There are two values equally necessary for a dignified and satisfactory or at least bearable human life. One is freedom – and the other safety. One is not possible without the other: safety without freedom is slavery, while freedom without safety is nothing short of chaos, a sense of loss, the torment of incertainty and humiliation caused by ignorance about what to do and practical impossibility of finding a solution.

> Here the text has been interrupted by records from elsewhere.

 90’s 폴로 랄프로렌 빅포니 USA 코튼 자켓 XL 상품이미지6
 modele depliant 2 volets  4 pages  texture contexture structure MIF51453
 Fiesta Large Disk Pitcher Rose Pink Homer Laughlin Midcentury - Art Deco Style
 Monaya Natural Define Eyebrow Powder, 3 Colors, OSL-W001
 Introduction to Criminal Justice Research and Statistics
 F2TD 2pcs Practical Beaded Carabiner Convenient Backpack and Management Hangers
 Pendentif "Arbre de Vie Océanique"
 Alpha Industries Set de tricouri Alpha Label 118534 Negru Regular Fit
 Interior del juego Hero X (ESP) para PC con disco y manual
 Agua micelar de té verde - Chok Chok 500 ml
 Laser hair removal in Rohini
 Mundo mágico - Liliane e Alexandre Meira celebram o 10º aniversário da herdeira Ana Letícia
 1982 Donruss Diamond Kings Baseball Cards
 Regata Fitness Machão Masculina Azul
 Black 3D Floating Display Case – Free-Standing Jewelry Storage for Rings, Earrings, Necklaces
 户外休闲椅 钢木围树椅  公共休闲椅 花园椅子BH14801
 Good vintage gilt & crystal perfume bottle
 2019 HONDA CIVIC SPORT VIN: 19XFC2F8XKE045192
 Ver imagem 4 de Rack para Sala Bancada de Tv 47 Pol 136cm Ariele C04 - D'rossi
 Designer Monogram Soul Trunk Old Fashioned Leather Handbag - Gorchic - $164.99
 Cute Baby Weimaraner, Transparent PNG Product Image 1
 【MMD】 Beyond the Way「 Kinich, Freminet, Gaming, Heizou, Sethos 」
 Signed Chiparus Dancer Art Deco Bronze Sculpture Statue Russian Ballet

Zygmunt Bauman, Potrzeba wolności. Sztuka europejska po 1945 roku, MOCAK, 2014
 
 
Safety is one of basic human needs. No progress – another basic aspect of our lives – is possible without it. Safety gives us the sense of stability and guarantees its duration, the opposite of chaos. Without it fearless life and our existence in general is unthinkable. Paradoxically, there is a drawback to it as well: unwillingness to change that is a product of the need to order reality to achieve stability. Our need to be safe results from the need to counteract anxiety and threats. In the case of individual safety, our idea of sine cura comes from places we associate with past situations which we identify as sentimental, emotional, beautiful and full of love and thrilling – this is our phantasm of a state of happiness, wellness, reachness, liberty, expression and development. But a contradiction emerges here: safety, to some extent, excludes risk, thus rejecting the desire to progress related to the feeling of being safe – there is no progress without risk. So the exact opposite of safety is threat and fear of losing what we care about the most: life, respect, dignity and all goods.
 
Where are our safe places, how do we cope with danger, both individually and as a society or state? How do we generate ideas of those feelings, what do we expect from them or where do we find them? How do the mechanisms developed to provide us with the right conditions for feeling safe, that is family or state, function?
 
Joanna Pawlik’s Combat Shelter is a bipolar story. On the one hand, the artist consistently reflects on disability and exclusion. She touches upon invisible divisions in the world of art that mirror those in the society. She explores the boundaries between professional and amateur means of artistic expression and poses the question of the possiblity of their coexistence and resonance in the creative process [excerpt of A. Żechowska’s text]. By inviting two outsider artists from Wrocław, Kamil Kurzawa and Daniel Stachowski, to participate in this problem-based exhibition, Joanna Pawlik equates her own work with theirs, thus obliterating the dividing line between officially established professional art and the creative output of the Outsider Art visionaries. On the other hand, she comments on and reacts to danger and evil that are increasingly common nowadays. Safety and the state of emergency reveal their two aspects here: parallely we try to capture and situate safe moments and places discovered by outsider artists through and within art as well as focus on present-day fears ensuing from specific events happening in Europe and around the world.
 
Two works form the axis of the narrative. The poignant film called Lament shows a blind young woman singing a fragment of Górecki’s Symphony No. 3 – a mother’s lament over the death of her son who lost his life in the Silesian Uprising. Minimalism and the contemplative nature of the third part of the Symphony, the lament that sounds like a quiet lullaby clash with the great emotional load of the work, the mother’s pain after losing her child. Dorota Wach performs a capella, alone in a huge, dark, empty room which intensifies the mourning. Joanna Pawlik uses subtle light to illuminate her face, revealing the blind eyes staring at what is inapproachable to us.
 
Combat Shelter. The Middle Oder Line is an object by Daniel Stachowski and its overscale reproduction, a real shelter for everyone to hide and disappear in should they want to. This is one of many works by the artist fascinated with over 600 shelters built in 1928-39 along the left bank of the Oder, from Wrocław to Krosno Odrzańskie, known as the Middle Oder Line (Position). These fortifications constituted the main line of defence against attack from the East and were supposed to protect the region of Lower Silesia.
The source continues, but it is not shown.